(Brief) Introduction to R! Problem Sets Solutions for PS 2
Solutions for PS 2
Initial Setup
# load relevant libraries
library(tidyverse)
library(lubridate)
# read in data (this step looks slightly different for me)
mobility <- read.csv("../../data/applemobilitytrends.csv")
# view the structure
str(mobility)
Question 1
# Since we are tidyverse experts, we can answer all these questions in one try:
mobility_CLT <- mobility %>%
# step 1
filter(region == "Charlotte",
sub.region == "North Carolina",
# step 3
transportation_type == "driving") %>%
# step 4
pivot_longer(cols = starts_with("X"), names_to = "date", values_to = "volume") %>%
# step 5
mutate(date = str_remove_all(date, "[Xx.]"),
# step 6
date = ymd(date))
# Now to plot...
ggplot(mobility_CLT) +
# dividing by 100 for the scales below... do not need to do so otherwise
geom_line(aes(x = date, y = volume/100), color = "red") +
# note, the top two lines would suffice but...
#ggthemes::theme_fivethirtyeight() +
labs(
title = "Volume of Direction Requests; Charlotte, NC",
subtitle = "volume as a percent change from baseline (100%)",
x = "Date",
y = "Volume",
caption = "data: https://www.apple.com/covid19/mobility"
) +
scale_y_continuous(labels = scales::percent)
Question 2
mobility_CLT2 <- mobility_CLT %>%
# step 1
mutate(weekday = wday(date)) %>%
# step 2
group_by(weekday) %>%
summarise(avg_volume = mean(volume, na.rm = TRUE)) %>%
# this not necessary for now
# R needs to know weekday is categorical (not numerical)
mutate(weekday = as.factor(weekday))
# Now to plot
ggplot(mobility_CLT2) +
# make weekday a factor (it is categorical, not numerical)

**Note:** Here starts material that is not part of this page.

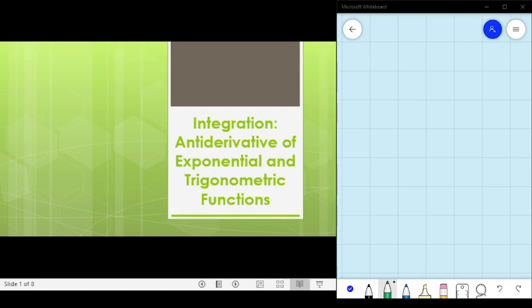Hi, good day everyone. We are now in topics 11.3 and 11.4 of our basic calculus subject, which talk about how to compute the antiderivative of exponential and trigonometric functions.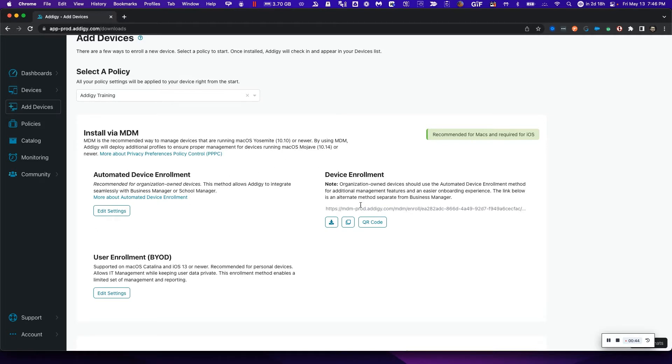Now, the third one, which is called device enrollment, is for organization-owned devices that require management but don't have an Apple Business Manager account available. In this case, we have three methods in which we can enroll our devices into. I'm going to be choosing device enrollment.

# This is important for the scale of your x axis
# Try both!
geom_bar(aes(x = weekday, y = avg_volume, fill = weekday), stat = "identity") +
#ggthemes::theme_fivethirtyeight() +
scale_fill_ordinal() +
guides(fill = FALSE) +
labs(
title = "Average Direction Request Volume for Charlotte, NC",
subtitle = "volume as a percent change from baseline (100%)",
x = "Day of Week; 1 = Monday",
y = "Volume",
caption = "data: https://www.apple.com/covid19/mobility"
)
Looks like we have our final answer! Day 6, or Saturday, has our highest volume on average. Of course, this is a fairly naive approach to time series data… but that wasn’t the point. Now you’re tidyverse/ggplot experts!